I shook my head. “Carter, you can’t even see out of one eye and I’m sure you’ve bruised a few of your ribs. I can see the pain in your face. How do you expect to successfully rob an armed ship when you couldn’t even defend yourself against a fly right now?”
He glared at me, straightening up, clenching his jaw to mask how much he was suffering. “Elizabeth, while you are on board this ship, I am your captain. And as your captain, I order you to remain here while some men and I gather the necessary funds.”
I scoffed. “You order me?”
William stepped forward. “Disobeying a direct order is grounds to have you removed from the ship.”
I narrowed my eyes at Carter. “Is that your plan, then? Either I do everything you say or I’m gotten rid of?”
“It is not a plan. That is the rule on my ship. Failure to follow them will have consequences.”
The hardness on his face, the blankness in his eyes, was unfamiliar to me. It was like he had become a completely different person between the moment we kissed and now.
I tried to carefully tuck away my hurt and anger, looking at William. “You wish to protect your captain, right? Well, just look at him. Sending him in to fight trained soldiers in the state he’s in is only—“
“You keep assuming we are about to raid a dangerous opponent,” William cut me off. “Trust me, lady, your worry is not warranted.”
That gave me pause. I frowned. “I don’t understand.”
“We are simply in desperate need of funds. We are to obtain those funds in the easiest way possible. Despite what you may think of pirates, we are not stupid.”
“But if you’re not…” I trailed off as I saw the ship our vessel approached.
Or should I say, boat.
The tiny fishing boat bobbing helplessly in the water below us couldn’t have held more than four people total on it, but at that moment there was only one man on it and a little boy. Both of them had their hands up in surrender, trembling so hard I could see it from where I stood.
I looked back at Carter, appalled. “That’s the ship you’re raiding?”
A muscle ticked in his jaw. “Yes. Get out of my way, Elizabeth,” he said as he started staggering toward me.
“But those two people are completely—“
“I said, get out of my way.” The wealth of danger present in his gaze was enough to make me shudder. He didn’t stop walking until he stood less than an inch away from me. “Move.”
“This isn’t you. You’re better than this,” I whispered. “I know you—“
“No, you know Carter McLeod.” He grinned at me, baring his teeth. “Today you have the pleasure of meeting Captain Caspian Rogers. Now, get out of my way.”
I stared into his one good eye, the hazel having darkened and the shimmer having vanished. The man standing before me was a perfect stranger, one I had no interest in knowing. This was the man people feared, the one they told ghost stories about, the one whose name they seldom mentioned should he appear.
I stepped aside.
He limped past me, followed by a couple members of his crew.
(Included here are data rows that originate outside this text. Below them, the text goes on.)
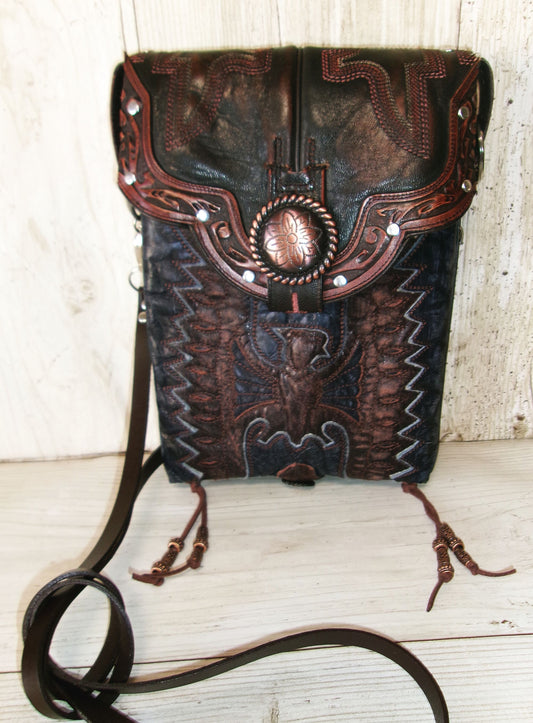Decorative leather bag with intricate patterns on a wooden surface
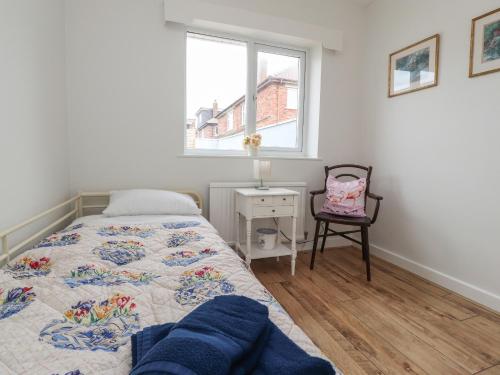 莱瑟姆-圣安妮14 Berwick Road的卧室配有床、椅子和窗户。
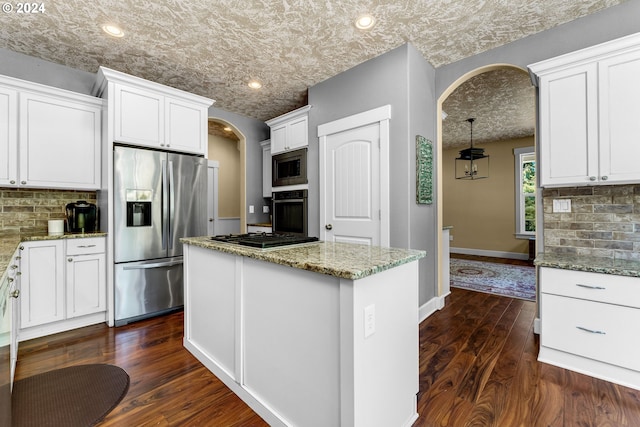 kitchen featuring a kitchen island, dark hardwood / wood-style flooring, stainless steel appliances, and white cabinets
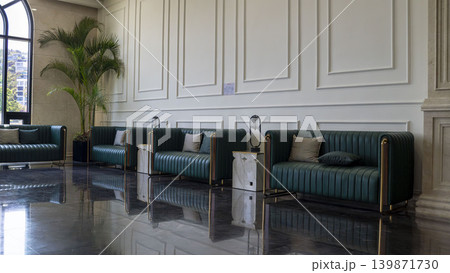 Luxurious lobby lounge with a row of green leather channel-tufted sofas, gold accents, marble side tables, and globe lamps. White wainscoting walls, reflective marble floor, and tropical palm tree. 139871730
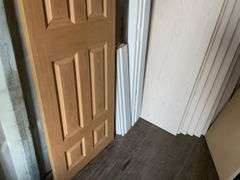 10 - unused 28” x 80” interior doors, several door jams, 1 - 24” x 80" interior door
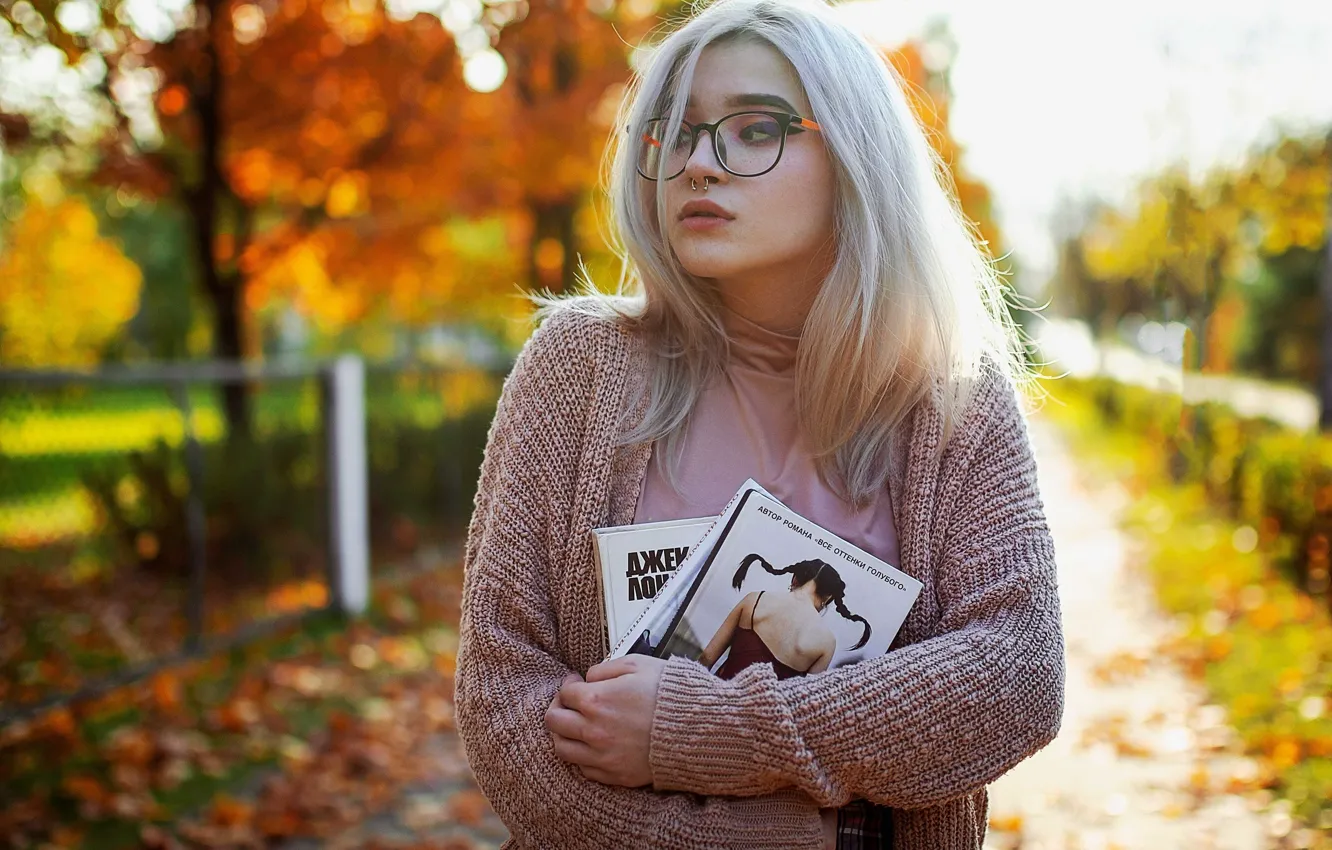 Photo wallpaper autumn, girl, face, hair, piercing, glasses, book, jacket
I ran to the banister to get a better view. Carter and his men repelled down a rope on the side of the ship, landing easily in the small boat.
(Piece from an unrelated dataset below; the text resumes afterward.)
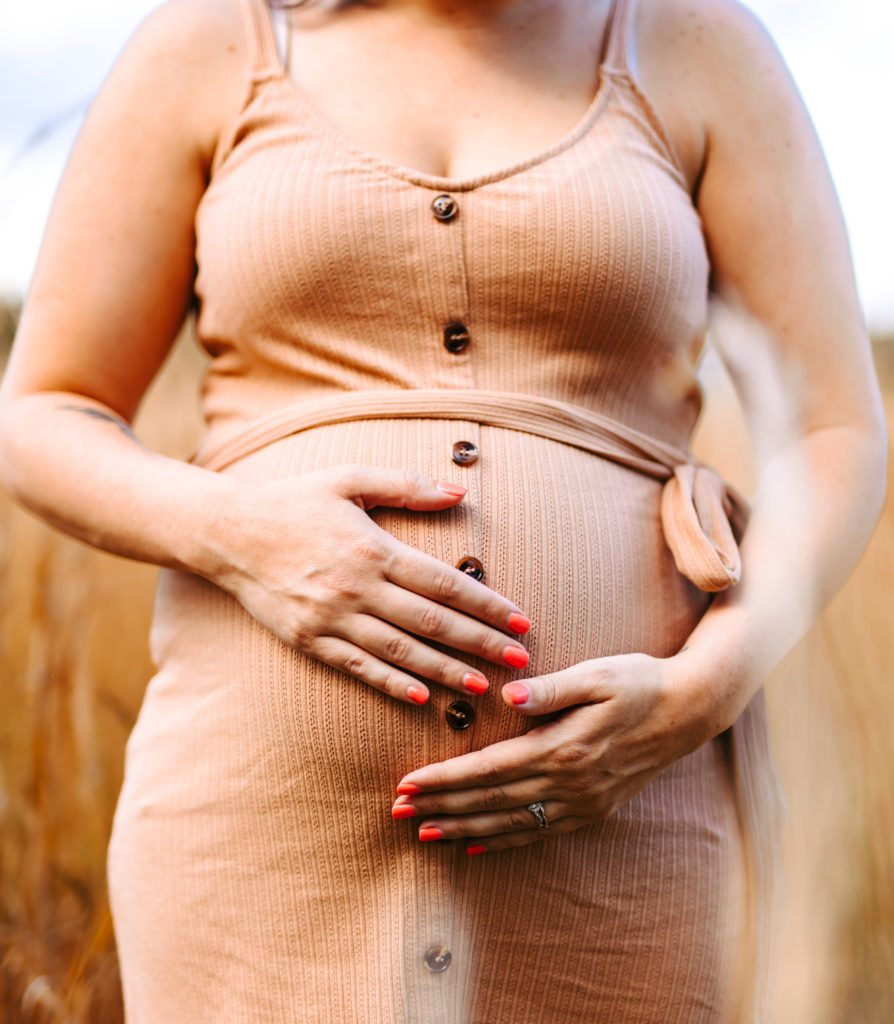 North Carolina Maternity Photographer, Stormy North Carolina Session, Maternity Photos, Maternity Photo ideas, Summer Maternity Photos, Maternity Photographer, Lifestyle Photographer, Family Maternity Photographer, North Carolina Photographer, Tall grass, Family of 3 Maternity Photos, North Carolina,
I could see the man pleading with Carter, and his little boy was crying. Carter said something and the man handed him a small pouch, immediately backing away, keeping his son behind his back at all times.
Carter weighed the bag in his hand, turning to William and nodding. William took the bag of money and started to climb back up the rope. But Carter stayed on the boat, saying something else to the man who shook his head emphatically, gesturing to his little boy.
Carter knelt down so he was eye level with the boy. The boy nodded at whatever he’d said. Carter rose to his full height, saying something else.
I strained my ears to hear him above the spray of the ocean, but it was useless.
In the blink of an eye, so fast I almost thought I’d imagined it, Carter whipped his sword out of its sheath, the little boy screamed, and he slashed it across the man’s throat.